═══ DATA UNDER STUDY
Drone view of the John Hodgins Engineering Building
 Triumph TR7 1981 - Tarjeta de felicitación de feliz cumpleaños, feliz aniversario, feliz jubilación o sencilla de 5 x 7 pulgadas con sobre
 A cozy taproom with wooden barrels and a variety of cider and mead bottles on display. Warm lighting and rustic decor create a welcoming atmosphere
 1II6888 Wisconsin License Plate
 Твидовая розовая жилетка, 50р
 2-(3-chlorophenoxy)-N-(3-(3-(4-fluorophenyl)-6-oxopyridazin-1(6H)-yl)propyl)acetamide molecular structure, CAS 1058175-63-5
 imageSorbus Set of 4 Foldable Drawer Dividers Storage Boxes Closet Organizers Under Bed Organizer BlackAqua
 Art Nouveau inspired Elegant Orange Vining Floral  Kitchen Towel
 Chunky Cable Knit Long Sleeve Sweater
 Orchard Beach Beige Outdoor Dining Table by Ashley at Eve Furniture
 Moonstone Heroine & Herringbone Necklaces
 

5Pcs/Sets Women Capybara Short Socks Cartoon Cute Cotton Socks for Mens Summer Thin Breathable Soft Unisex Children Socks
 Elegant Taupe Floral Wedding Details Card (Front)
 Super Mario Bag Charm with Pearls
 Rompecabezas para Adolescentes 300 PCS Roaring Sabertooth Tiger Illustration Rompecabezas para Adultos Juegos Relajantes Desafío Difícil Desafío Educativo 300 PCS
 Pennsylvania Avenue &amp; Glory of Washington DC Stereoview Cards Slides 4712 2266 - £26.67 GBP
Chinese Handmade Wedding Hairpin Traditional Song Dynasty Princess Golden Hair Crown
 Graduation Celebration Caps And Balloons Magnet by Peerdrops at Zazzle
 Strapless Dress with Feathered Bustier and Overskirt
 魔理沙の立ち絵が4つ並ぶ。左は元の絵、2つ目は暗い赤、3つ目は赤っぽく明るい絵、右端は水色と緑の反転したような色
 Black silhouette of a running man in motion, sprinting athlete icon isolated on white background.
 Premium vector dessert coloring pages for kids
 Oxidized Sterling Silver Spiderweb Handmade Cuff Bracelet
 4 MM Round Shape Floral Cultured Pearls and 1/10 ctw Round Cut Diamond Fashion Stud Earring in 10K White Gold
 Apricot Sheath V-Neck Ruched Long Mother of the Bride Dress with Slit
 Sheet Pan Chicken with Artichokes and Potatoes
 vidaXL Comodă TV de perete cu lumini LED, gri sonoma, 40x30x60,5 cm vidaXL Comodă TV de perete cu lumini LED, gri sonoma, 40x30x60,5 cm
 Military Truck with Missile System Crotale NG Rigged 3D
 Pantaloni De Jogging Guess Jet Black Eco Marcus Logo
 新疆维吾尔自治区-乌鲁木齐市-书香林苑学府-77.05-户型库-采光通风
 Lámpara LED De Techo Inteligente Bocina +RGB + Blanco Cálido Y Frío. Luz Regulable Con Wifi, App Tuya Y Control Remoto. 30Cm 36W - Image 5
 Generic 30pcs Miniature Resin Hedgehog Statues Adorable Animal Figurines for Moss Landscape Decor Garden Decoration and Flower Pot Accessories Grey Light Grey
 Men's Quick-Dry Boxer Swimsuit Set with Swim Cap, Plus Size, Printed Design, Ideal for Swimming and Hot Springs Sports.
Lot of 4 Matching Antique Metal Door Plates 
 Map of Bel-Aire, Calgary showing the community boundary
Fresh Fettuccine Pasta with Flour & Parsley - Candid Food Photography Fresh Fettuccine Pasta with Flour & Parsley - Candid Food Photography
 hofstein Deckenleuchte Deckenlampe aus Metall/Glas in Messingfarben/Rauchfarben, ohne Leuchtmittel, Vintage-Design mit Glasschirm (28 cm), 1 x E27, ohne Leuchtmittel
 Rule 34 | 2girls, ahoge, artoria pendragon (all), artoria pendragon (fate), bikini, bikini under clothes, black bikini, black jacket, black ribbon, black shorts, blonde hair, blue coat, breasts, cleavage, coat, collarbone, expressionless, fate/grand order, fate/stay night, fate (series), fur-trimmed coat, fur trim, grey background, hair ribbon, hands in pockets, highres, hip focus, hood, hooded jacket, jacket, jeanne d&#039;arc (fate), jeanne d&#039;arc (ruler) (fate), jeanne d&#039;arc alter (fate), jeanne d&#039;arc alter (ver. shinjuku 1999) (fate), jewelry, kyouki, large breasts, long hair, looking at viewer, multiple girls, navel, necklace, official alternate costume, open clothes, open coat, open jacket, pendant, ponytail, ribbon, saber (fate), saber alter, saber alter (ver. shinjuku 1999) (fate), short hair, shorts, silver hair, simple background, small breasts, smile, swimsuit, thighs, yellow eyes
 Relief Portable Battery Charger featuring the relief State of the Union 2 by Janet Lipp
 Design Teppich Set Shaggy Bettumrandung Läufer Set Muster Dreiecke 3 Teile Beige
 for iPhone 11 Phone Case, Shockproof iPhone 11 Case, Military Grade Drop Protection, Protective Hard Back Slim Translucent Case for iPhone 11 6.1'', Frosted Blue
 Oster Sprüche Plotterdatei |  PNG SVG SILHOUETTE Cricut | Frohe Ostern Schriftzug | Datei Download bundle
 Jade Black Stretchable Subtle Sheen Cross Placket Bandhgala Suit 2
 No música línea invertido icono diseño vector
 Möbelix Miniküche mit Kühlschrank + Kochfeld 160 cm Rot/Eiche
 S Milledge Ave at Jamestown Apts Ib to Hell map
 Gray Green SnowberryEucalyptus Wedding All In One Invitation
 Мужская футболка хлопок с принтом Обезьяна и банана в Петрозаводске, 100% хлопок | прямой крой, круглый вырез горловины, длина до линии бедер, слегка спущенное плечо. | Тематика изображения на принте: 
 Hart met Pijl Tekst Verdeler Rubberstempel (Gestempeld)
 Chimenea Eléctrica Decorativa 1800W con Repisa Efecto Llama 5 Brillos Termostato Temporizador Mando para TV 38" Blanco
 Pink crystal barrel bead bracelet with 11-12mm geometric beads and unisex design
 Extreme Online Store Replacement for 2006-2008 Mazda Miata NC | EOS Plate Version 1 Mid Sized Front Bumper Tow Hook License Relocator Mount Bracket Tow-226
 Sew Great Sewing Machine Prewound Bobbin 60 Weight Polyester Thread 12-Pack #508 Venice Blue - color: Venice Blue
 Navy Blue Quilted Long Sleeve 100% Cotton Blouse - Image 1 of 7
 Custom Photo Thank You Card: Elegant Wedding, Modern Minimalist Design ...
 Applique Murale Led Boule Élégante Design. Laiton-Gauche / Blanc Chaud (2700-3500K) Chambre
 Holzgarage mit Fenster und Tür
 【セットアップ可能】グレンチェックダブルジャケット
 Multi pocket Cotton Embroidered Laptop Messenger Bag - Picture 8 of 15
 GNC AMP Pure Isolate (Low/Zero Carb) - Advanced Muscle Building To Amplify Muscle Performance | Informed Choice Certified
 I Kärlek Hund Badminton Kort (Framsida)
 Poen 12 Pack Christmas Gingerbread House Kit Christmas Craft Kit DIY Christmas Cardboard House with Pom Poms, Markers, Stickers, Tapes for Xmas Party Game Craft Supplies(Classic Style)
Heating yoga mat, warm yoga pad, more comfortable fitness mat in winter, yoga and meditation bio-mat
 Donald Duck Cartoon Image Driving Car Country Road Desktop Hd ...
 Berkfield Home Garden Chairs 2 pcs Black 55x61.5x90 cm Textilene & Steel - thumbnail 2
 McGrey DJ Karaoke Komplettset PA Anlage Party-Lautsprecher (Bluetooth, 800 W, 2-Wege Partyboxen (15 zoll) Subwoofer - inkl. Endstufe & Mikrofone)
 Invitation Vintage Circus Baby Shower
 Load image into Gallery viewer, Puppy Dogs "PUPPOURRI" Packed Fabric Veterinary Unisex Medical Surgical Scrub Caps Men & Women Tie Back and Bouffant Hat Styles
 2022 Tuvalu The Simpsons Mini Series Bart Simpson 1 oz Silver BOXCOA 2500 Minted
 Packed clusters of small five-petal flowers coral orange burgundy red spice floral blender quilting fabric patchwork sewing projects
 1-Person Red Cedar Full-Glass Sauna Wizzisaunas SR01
══════
TASK STATEMENT ▸
Please transcribe, exactly and with nothing added, the lines from the first line of the material above through the line that contains "Triumph TR7 1981".

ANSWER BOX ▸
Drone view of the John Hodgins Engineering Building
 Triumph TR7 1981 - Tarjeta de felicitación de feliz cumpleaños, feliz aniversario, feliz jubilación o sencilla de 5 x 7 pulgadas con sobre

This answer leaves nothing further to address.